According to LinkedIn Corp (NYSE:LNKD), the largest US-based internet company active in China, the country needs to open its doors for overseas internet companies and develop a more tolerant regulatory environment, if it has to develop its internet industry. In spite of creating a no-entry zone for most of the US-based internet companies by citing regulatory concerns, the Chinese government allowed LinkedIn Corp (NYSE:LNKD) to start a Chinese-language professional networking site in February this year. The statement regarding China opening its doors for overseas internet companies was made by LinkedIn Corp (NYSE:LNKD)’s China President, Derek Shen. Bloomberg’s Leslie Picker and Hans Humes from Greylock Capital recently discussed about the advice that LinkedIn gave to China and the difficulties in doing business in the nation.
“So, now this is the thing with China. As I study Alibaba for the last six months, one thing you learn is they have this preferential treatment from the Chinese government. This is the hallmark for Chinese government to put on a pedestal and say look what we can achieve, look what the beacon of entrepreneurialism China can achieve here and that is Alibaba. Now, Linkedin, as we all know, is a part of the US. So, it won’t get those favorable regulatory treatments as an Alibaba […],” Picker said.
Picker believes that giving equal opportunities to overseas companies is “not a Chinese way of life” and as a testament to that she cites numerous US-based companies that have been banned from operating in China.

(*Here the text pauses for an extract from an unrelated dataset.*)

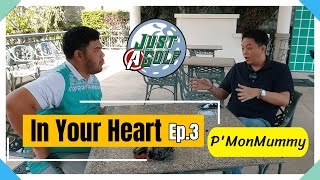 Top5 In Your Heart  EP3 พี่มล MonMummy FM99 Sport Relax Mr Japan Spec [upl. by Hershel]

Humes urged people to look at this LinkedIn Corp (NYSE:LNKD) story in context of the Alibaba Group. According to him, if this is the way businesses are run in China then investors must be skeptical of investing in companies that do business there as the Chinese government can change regulations on a whim.
As of June 30, 2014, Kerr Neilson‘s Platinum Asset Management owns over 800,000 shares of LinkedIn Corp (NYSE:LNKD).